▶ What to produce
Output the entries below exactly, from the first line to the line holding "애월한담 민박 이미지", both included.

▶ Excerpted data
──────

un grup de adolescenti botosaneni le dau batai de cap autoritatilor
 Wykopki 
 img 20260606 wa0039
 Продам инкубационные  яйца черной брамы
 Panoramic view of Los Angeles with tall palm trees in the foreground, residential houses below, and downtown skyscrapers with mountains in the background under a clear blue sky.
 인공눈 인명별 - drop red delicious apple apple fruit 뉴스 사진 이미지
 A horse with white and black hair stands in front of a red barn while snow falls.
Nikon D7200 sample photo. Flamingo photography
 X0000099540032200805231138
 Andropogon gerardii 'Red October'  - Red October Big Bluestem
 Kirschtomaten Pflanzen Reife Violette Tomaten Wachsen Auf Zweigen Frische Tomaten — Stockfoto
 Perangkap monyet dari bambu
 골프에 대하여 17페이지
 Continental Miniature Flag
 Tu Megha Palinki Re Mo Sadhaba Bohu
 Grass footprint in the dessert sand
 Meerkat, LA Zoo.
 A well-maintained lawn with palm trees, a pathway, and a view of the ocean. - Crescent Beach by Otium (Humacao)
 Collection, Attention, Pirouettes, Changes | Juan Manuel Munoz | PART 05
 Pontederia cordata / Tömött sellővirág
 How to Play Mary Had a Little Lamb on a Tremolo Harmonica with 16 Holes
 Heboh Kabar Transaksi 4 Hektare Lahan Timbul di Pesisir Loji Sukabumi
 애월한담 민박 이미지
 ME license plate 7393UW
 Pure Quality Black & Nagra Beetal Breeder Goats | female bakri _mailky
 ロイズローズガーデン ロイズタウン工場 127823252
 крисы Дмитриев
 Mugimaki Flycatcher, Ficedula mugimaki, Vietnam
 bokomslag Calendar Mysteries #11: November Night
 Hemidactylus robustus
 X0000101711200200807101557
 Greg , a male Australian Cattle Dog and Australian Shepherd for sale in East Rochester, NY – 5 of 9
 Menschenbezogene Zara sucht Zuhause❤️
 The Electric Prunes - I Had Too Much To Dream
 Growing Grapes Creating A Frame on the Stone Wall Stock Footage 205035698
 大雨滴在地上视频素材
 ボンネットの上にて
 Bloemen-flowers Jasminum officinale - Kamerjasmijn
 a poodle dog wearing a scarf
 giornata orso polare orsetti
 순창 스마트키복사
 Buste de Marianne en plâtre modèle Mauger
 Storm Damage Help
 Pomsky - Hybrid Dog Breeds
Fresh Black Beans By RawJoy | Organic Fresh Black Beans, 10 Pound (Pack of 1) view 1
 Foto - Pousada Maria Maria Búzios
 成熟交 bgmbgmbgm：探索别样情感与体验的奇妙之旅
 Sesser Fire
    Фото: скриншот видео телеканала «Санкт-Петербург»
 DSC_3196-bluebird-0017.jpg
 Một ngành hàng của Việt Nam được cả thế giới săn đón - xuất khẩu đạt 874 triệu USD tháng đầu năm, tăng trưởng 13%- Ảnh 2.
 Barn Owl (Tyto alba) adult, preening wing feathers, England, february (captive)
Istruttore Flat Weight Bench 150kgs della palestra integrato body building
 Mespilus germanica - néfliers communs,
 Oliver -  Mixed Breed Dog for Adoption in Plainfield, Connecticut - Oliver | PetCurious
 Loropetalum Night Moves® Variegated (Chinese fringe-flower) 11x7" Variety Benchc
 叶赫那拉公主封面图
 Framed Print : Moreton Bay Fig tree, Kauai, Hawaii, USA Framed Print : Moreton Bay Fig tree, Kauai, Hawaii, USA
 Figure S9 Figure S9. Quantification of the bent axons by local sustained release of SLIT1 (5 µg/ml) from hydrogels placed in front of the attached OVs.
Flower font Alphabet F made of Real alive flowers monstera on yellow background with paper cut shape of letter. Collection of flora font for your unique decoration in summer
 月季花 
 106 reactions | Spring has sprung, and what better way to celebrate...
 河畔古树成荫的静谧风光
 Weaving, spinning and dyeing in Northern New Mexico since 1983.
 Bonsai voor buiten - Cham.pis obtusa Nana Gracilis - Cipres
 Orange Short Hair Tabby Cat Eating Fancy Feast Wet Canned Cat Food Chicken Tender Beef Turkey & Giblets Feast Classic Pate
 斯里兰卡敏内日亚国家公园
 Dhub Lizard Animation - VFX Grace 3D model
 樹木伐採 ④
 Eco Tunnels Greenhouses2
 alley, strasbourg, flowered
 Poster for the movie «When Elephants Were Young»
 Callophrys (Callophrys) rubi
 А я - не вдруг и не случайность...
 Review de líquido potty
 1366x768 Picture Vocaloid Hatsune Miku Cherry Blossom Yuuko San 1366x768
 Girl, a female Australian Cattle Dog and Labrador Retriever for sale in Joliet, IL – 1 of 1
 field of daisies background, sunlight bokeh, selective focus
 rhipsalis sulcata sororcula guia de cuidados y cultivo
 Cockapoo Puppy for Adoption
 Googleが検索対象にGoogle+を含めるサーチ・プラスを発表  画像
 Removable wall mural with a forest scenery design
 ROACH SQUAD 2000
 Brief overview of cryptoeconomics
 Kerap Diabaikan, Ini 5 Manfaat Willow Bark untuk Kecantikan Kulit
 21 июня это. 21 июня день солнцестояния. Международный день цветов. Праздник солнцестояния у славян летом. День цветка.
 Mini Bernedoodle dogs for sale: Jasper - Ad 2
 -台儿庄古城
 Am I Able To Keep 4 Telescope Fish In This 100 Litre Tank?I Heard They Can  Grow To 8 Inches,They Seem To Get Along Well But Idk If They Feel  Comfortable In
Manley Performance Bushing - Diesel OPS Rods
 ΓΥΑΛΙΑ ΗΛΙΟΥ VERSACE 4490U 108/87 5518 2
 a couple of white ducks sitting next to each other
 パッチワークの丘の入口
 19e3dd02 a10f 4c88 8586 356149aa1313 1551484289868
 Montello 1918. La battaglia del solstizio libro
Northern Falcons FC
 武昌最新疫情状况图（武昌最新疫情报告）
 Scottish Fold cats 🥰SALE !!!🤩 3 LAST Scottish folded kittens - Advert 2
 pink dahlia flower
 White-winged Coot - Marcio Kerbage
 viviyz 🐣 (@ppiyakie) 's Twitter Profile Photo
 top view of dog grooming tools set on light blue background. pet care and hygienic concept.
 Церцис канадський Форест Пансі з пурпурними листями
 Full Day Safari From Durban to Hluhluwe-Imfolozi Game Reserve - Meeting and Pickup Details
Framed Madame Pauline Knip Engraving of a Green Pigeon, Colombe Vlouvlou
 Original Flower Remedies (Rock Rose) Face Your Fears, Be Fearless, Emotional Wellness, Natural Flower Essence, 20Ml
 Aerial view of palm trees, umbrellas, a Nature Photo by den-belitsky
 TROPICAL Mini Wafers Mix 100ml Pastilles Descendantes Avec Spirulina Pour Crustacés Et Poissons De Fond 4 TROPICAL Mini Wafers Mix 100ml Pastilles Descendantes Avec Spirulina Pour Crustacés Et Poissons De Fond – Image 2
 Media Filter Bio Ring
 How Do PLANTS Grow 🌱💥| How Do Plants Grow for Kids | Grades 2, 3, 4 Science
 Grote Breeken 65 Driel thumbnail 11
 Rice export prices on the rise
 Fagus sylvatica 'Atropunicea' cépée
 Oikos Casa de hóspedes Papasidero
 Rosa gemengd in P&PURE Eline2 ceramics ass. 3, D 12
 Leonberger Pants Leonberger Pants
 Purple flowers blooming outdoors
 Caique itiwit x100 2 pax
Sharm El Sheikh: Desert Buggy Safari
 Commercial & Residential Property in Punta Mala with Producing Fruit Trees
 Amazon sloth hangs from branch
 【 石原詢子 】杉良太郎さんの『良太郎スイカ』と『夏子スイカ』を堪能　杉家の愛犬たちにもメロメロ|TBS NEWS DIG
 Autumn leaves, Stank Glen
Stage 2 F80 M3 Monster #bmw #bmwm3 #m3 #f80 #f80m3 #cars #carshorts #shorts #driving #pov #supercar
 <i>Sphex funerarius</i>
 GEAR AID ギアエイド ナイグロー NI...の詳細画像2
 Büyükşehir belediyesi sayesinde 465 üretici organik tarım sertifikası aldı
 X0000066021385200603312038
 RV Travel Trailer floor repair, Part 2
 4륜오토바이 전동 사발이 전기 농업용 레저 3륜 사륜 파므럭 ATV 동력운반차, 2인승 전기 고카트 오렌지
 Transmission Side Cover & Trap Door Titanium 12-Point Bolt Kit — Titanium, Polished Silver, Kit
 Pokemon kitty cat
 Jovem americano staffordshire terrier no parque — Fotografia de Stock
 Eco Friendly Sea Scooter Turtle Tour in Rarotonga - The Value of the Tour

──────

▶ Answer to this task
un grup de adolescenti botosaneni le dau batai de cap autoritatilor
 Wykopki 
 img 20260606 wa0039
 Продам инкубационные  яйца черной брамы
 Panoramic view of Los Angeles with tall palm trees in the foreground, residential houses below, and downtown skyscrapers with mountains in the background under a clear blue sky.
 인공눈 인명별 - drop red delicious apple apple fruit 뉴스 사진 이미지
 A horse with white and black hair stands in front of a red barn while snow falls.
Nikon D7200 sample photo. Flamingo photography
 X0000099540032200805231138
 Andropogon gerardii 'Red October'  - Red October Big Bluestem
 Kirschtomaten Pflanzen Reife Violette Tomaten Wachsen Auf Zweigen Frische Tomaten — Stockfoto
 Perangkap monyet dari bambu
 골프에 대하여 17페이지
 Continental Miniature Flag
 Tu Megha Palinki Re Mo Sadhaba Bohu
 Grass footprint in the dessert sand
 Meerkat, LA Zoo.
 A well-maintained lawn with palm trees, a pathway, and a view of the ocean. - Crescent Beach by Otium (Humacao)
 Collection, Attention, Pirouettes, Changes | Juan Manuel Munoz | PART 05
 Pontederia cordata / Tömött sellővirág
 How to Play Mary Had a Little Lamb on a Tremolo Harmonica with 16 Holes
 Heboh Kabar Transaksi 4 Hektare Lahan Timbul di Pesisir Loji Sukabumi
 애월한담 민박 이미지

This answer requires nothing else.